• _PROBLEM DETAILS_:
Keep every word of the entries and print them exactly; the pictures stay out.

(Data records)
────────────────────────────────────────
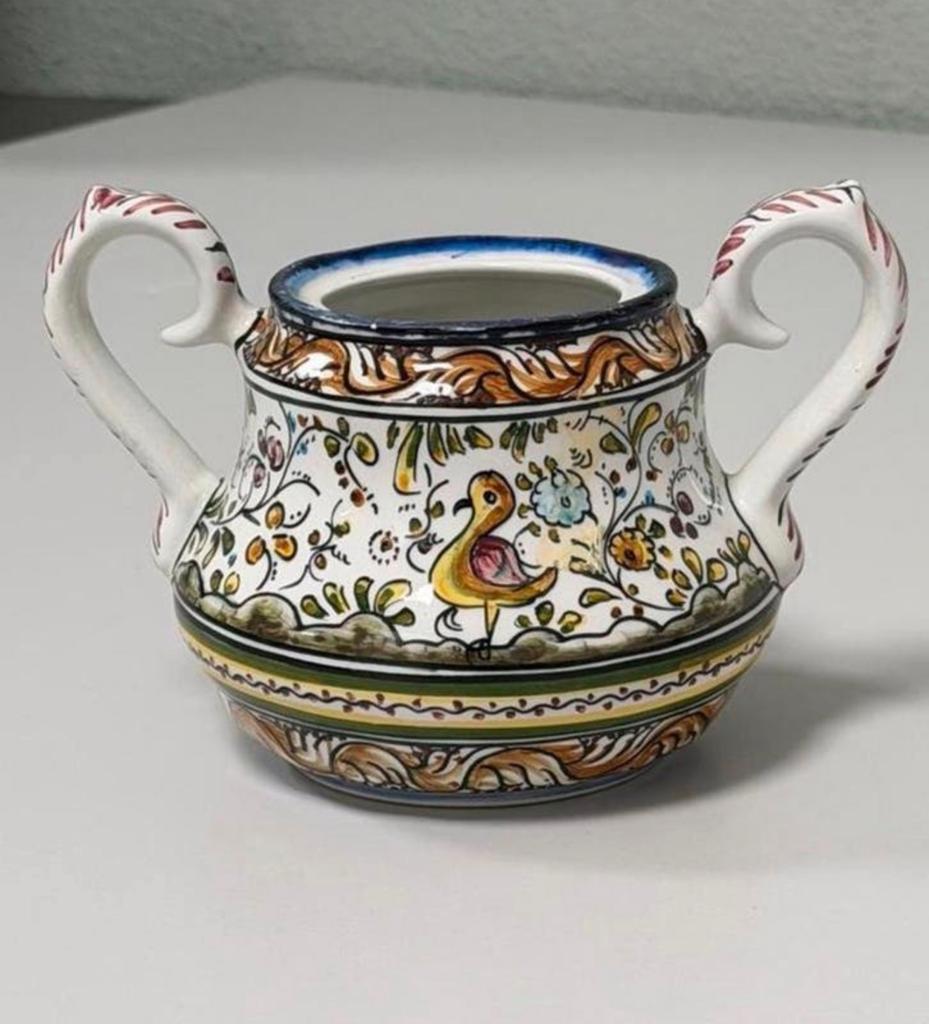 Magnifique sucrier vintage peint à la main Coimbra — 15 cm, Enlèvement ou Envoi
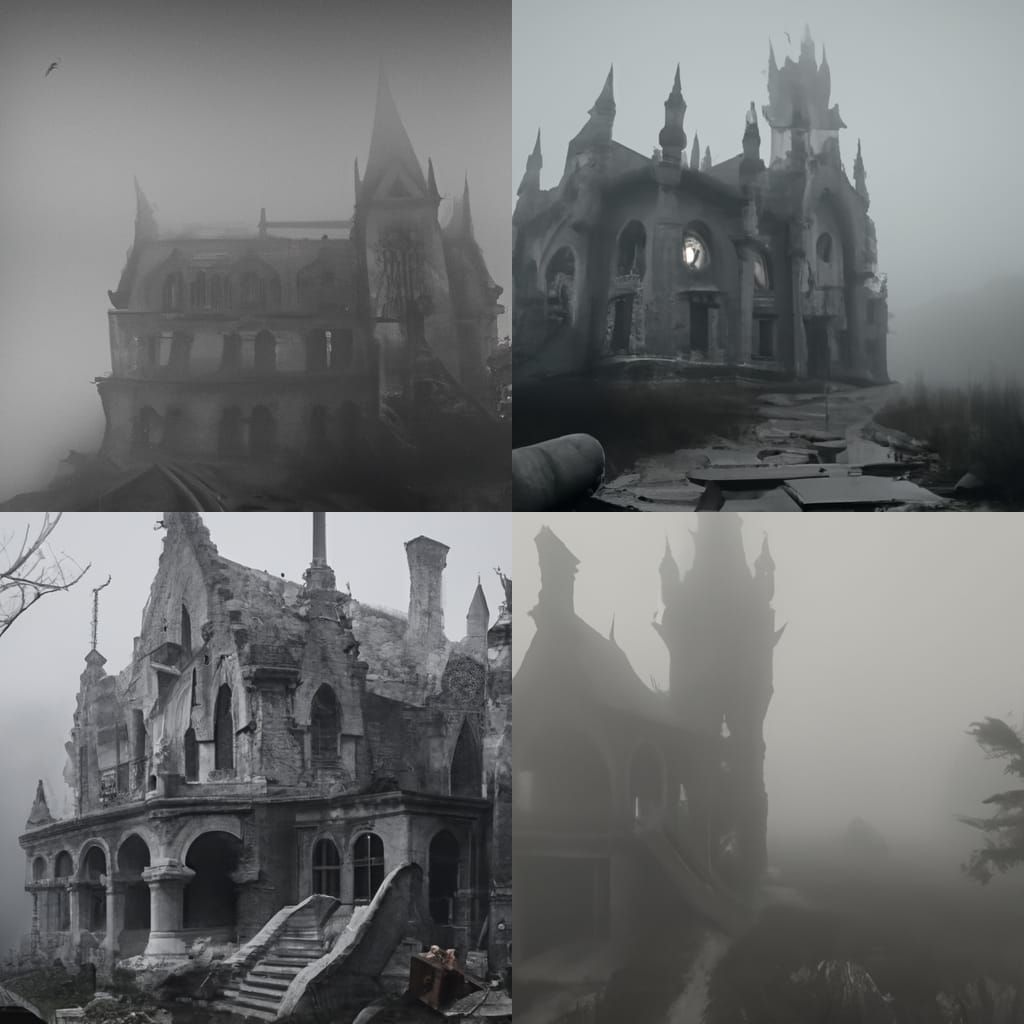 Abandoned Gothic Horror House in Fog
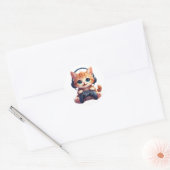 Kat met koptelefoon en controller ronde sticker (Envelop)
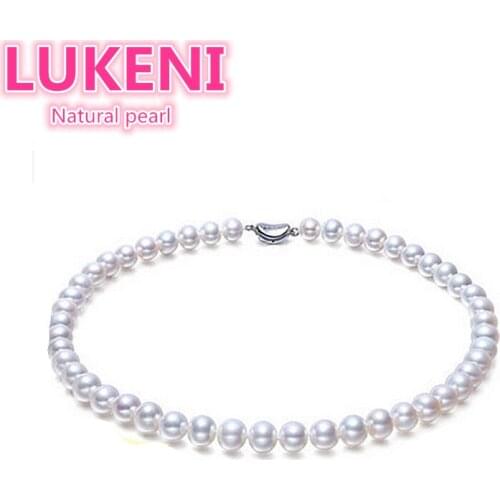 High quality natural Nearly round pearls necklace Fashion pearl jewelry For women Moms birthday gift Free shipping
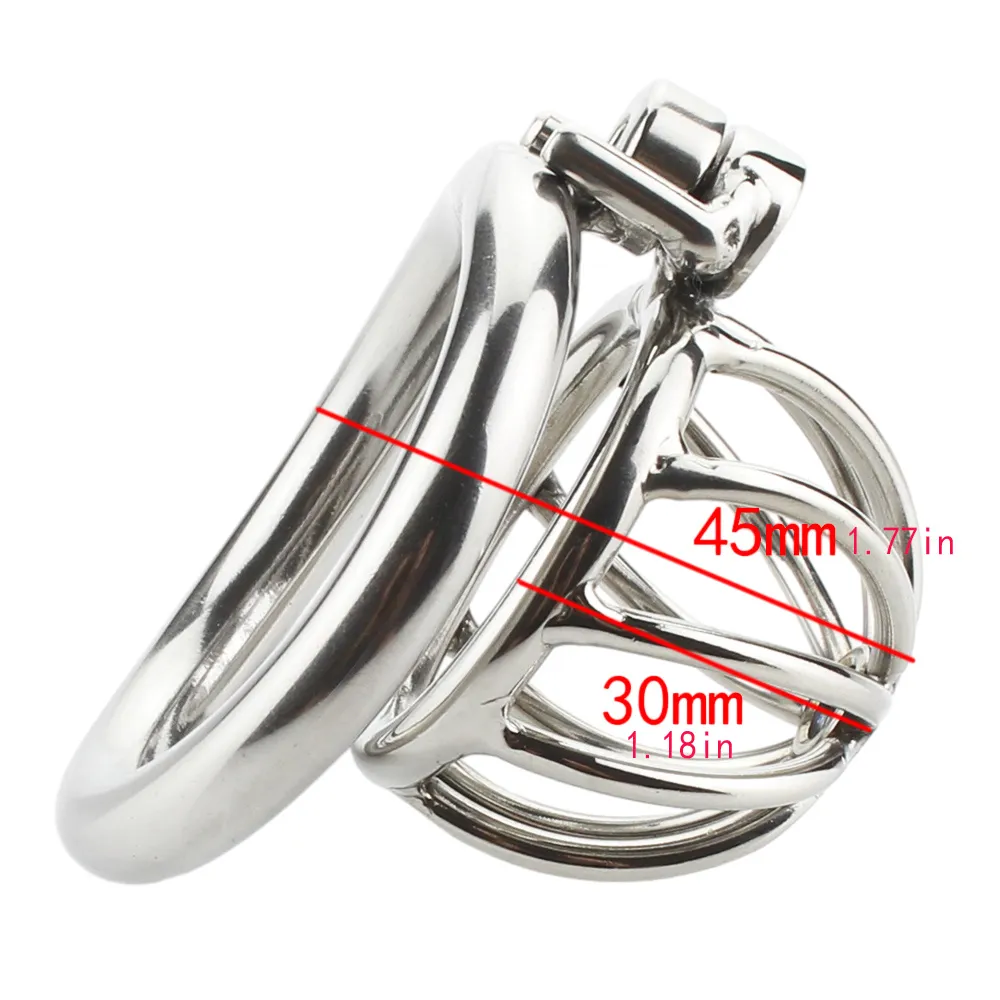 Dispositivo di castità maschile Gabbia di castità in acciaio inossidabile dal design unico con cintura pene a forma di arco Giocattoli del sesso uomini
────────────────────────────────────────
• _ANSWER TO THE PROBLEM_:
 Magnifique sucrier vintage peint à la main Coimbra — 15 cm, Enlèvement ou Envoi
 Abandoned Gothic Horror House in Fog
 Kat met koptelefoon en controller ronde sticker (Envelop)
 High quality natural Nearly round pearls necklace Fashion pearl jewelry For women Moms birthday gift Free shipping
 Dispositivo di castità maschile Gabbia di castità in acciaio inossidabile dal design unico con cintura pene a forma di arco Giocattoli del sesso uomini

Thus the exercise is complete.